G
E
A
.
E
.
C’est sous la rubrique " Histoire comparative des enseignements rosicruciens " que, dès octobre 1991, le Conseil de l’Ethique du SETI relevait avec précision les modifications de fond apportées aux enseignements rosicruciens mis au point par Harvey Spencer LEWIS. Cette altération d’une philosophie dite " traditionnelle " fut la motivation première de la création du SETI puisque le but même de l’association consiste en la " sauvegarde des enseignements issus de la tradition rosicrucienne " (cf. article 2 des statuts du SETI) (25). C’est pourquoi d’abord dans le bulletin " Reflets " puis dans la revue " Imagine ", sous la signature d’ " ICTUS " le Conseil de l’Ethique a entrepris un travail d’historien pour démontrer, en se référant aux propres documents diffusés par l’AMORC à différentes périodes, les censures, voire les altérations, du message initial. Le propos du conseil de l’Ethique n’était pas de comparer la qualité des enseignements dispensés, ni même de dénier aux dirigeants contemporains de cette organisation le droit de compléter l’enseignement en faisant ainsi progresser la tradition rosicrucienne. Mais il s’agissait de dénoncer la manipulation qui consiste à laisser croire aux étudiants rosicruciens qu’ils reçoivent les mêmes monographies que leurs frères aînés. L’analyse exposée dans les différents écrits d’ICTUS met en évidence trois périodes distinctes dans la diffusion des enseignements de l’ordre de la Rose-Croix en France.
Tout d’abord celle des traductions initiales accomplies en très grande partie (selon les dires même de l’AMORC) par le premier Grand Maître français Jeanne GUESDON et diffusées sous une forme ronéotypée juste après la deuxième guerre mondiale. Le Conseil de l’Ethique a pu constater que cette version était très proche de l’original américain mis en forme par Harvey Spencer LEWIS, certaines traductions littérales maladroites le démontrent assez bien. Puis dans les années 70 Raymond BERNARD, ou certains de ses collaborateurs de l’époque, font quelques aménagements tendant à ratisser plus large (monographies signées RB suivi de la date). Il supprime notamment quelques références bibliques ou remplace le terme " Dieu " par " Cosmique ". En apparence, il n’y a pas là de quoi fouetter un chat. Le but est clairement affiché et sera atteint, il faut attirer du monde, or la religion ne fait plus recette durant cette période post " soixante-huitarde ". Il faut noter cependant que les affirmations - l’ " Avertment " (16) - préparées par Ralph M. LEWIS à l'attention de ses successeurs exigent d’eux qu’ils ne suppriment pas le mot Dieu des enseignements rosicruciens.
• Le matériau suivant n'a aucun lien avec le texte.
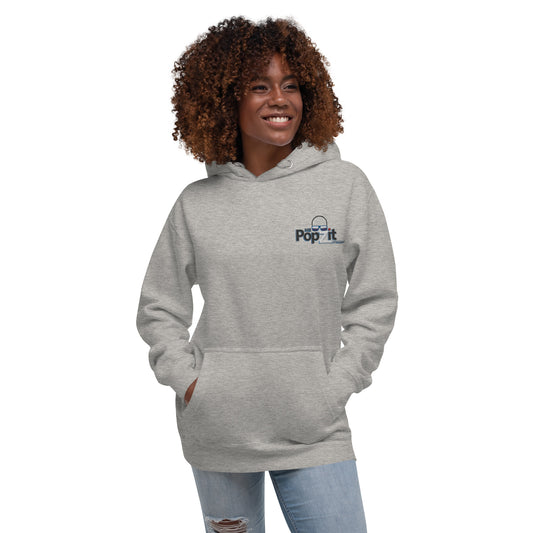 Mr. Popzit Logo Hoodie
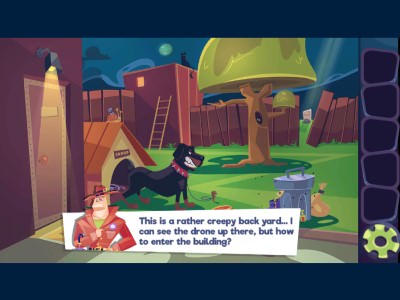 Affaires étranges : Évasion mystérieuse jouez en ligne gratuitement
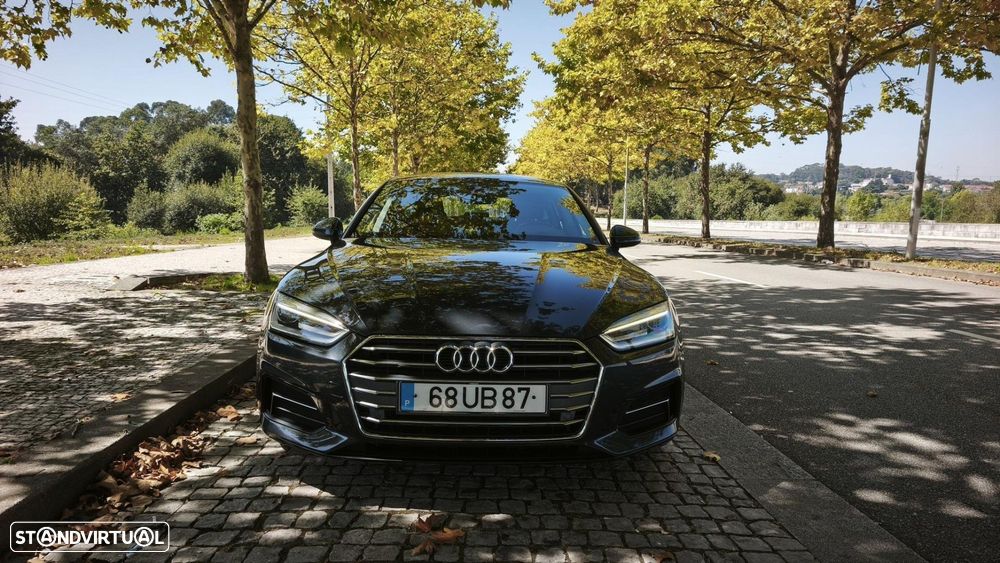 Audi A5 Sportback 2.0 TDI Sport S tronic - 2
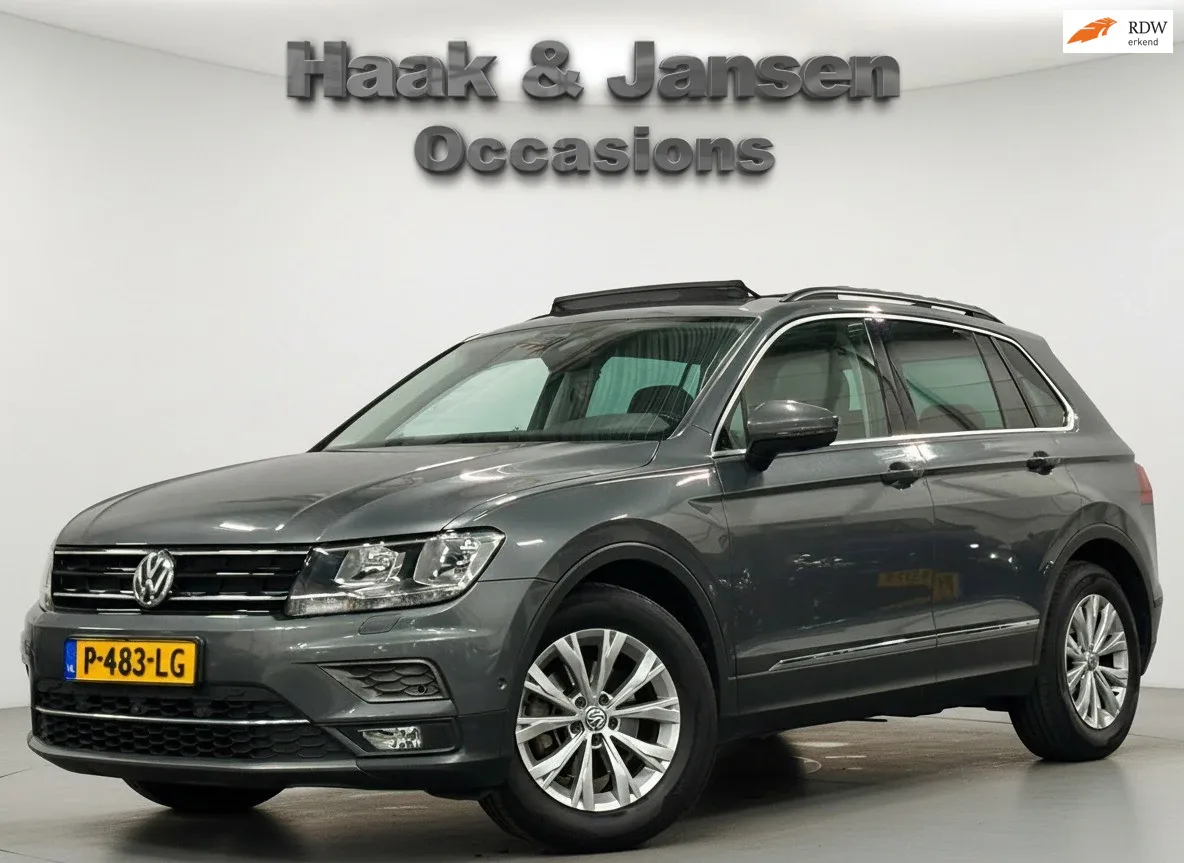 Volkswagen Tiguan (2018) — foto 1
La censure de passages dénonçant une certaine forme de " mercantilisme ésotérique ", démontre assez bien que les copistes ont décidé de faire en sorte, que l’enseignement justifie les pratiques qui commencent à voir le jour à cette époque. Même si les transformations restent habiles et modérées la manipulation a bel et bien commencé à cette époque. Mais sous la direction de Christian BERNARD et surtout au début des années 80 avec l’arrivée à Omonville d’un ancien instituteur du Neubourg, les choses vont s’emballer. A tel point que ce sont des proches de Raymond BERNARD qui alerteront certains officiers de la Grande Loge dont le Grand Conseiller de Poitou-Charentes et c’est Raymond BERNARD en personne qui le lui confirmera en présence de deux Moniteurs Régionaux de Poitou-Charentes le 6 décembre 89 au siège du CIRCES 22 rue Beaunier.
A la lecture des études comparatives réalisées par la suite par le Conseil de l’Ethique du SETI, on se rend compte que les monographies signées S.T., suivi de la date, sont empreintes d’une "déchristianisation" forcenée et voient disparaître progressivement les références à Harvey Spencer LEWIS. Après tout, les enseignements " Sergistes " ou " Toussainiens " sont peut-être plus utiles à l’humanité que ceux de la Rose-Croix, mais pourquoi ne pas les diffuser comme tels plutôt que de prétendre que l’on diffuse des enseignements traditionnels et authentiques.
(Cf. : 14 articles parus dans le bulletin REFLETS et la revue IMAGINE)
(26 à 30) - (31 à 35) - (36 à 37) - (38 à 39)
Ainsi, mois après mois, le SETI prouva, à ceux qui voulaient bien se donner la peine de lire, que la première raison de son désaccord avec les dirigeants actuels de l’AMORC - la modification des enseignements - était bien avérée. Depuis la suppression de certaines " concordances " trop empreintes de christianisme, jusqu’à la disparition de la " Confessio " du premier Imperator qui était auparavant adressée aux membres de la Hiérarchie Esotérique, en passant par la "cathédrale de l’âme" devenue "Sanctum céleste" tous les documents mis en forme au début du siècle par Harvey Spencer LEWIS ont été profondément remaniés.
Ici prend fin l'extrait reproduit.